For 2026, Synchrony provided an EPS outlook of $9.10 to $9.50, based on baseline assumptions including 2% GDP growth, 4.8% year-end unemployment, a 3.25% year-end Fed funds rate, and deposit betas of about 65%. The company expects mid-single-digit ending receivables growth, with growth accelerating in the back half of the year as newer programs expand and the Lowe’s Commercial Co-Brand program transfers to Synchrony’s portfolio in the second quarter.

Management said it expects the net charge-off rate to be in line with its long-term target of 5.5% to 6%, and expects net interest income to grow as pricing actions continue to build and funding costs decline, partially offset by lower late fee incidence and other factors.

During the Q&A, executives said the Walmart program launched in September and is “the fastest-growing program” the company has ever launched, supported by a value proposition that includes 5% cash back for Walmart+ members at Walmart and 1.5% back elsewhere. Management also discussed the potential impact of proposed APR caps, arguing that price controls would reduce credit availability, particularly for lower-income consumers, and could harm merchants that rely heavily on credit programs.

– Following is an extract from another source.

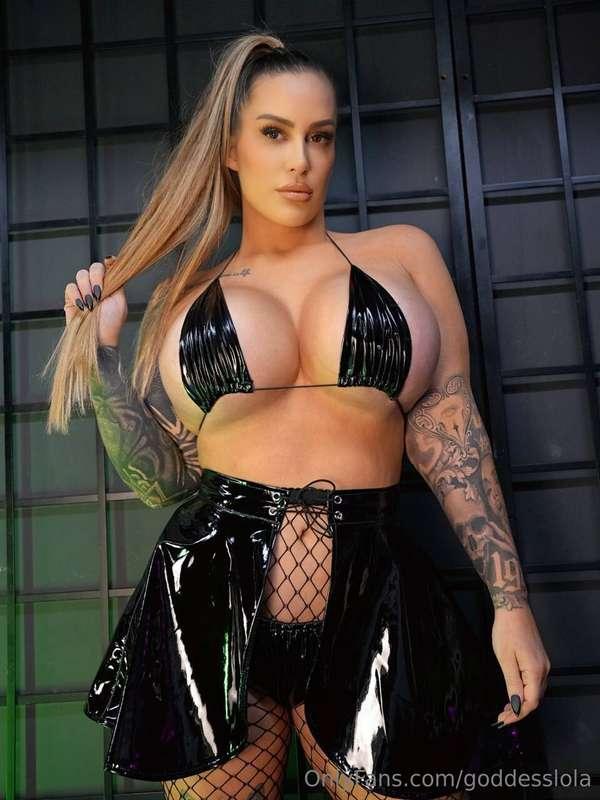 You should DEFINITELY worship me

On guidance, the CFO said the company shifted to providing an EPS range to help investors focus on the overall earnings outcome amid variability in how models are built from line-item guidance, while also flagging that growth investments—such as Walmart One Pay, Lowe’s Commercial Co-Brand, Versatile Credit, and technology initiatives—can influence multiple P&L lines as portfolios season.

About Synchrony Financial NYSE: SYF

Synchrony Financial NYSE: SYF is a consumer financial services company that specializes in providing point-of-sale financing and private-label, co-branded and branded credit card programs. The company serves as a payments and lending partner to retailers, digital merchants and service providers, offering consumer financing solutions designed to drive customer engagement and sales. Synchrony also operates a direct bank that offers deposit products, including savings accounts and certificates of deposit, which support its funding and customer-facing product suite.

Its core product set includes private-label and co-branded credit cards, general-purpose credit cards, installment loan programs and promotional financing options that are integrated into merchants’ checkout experiences.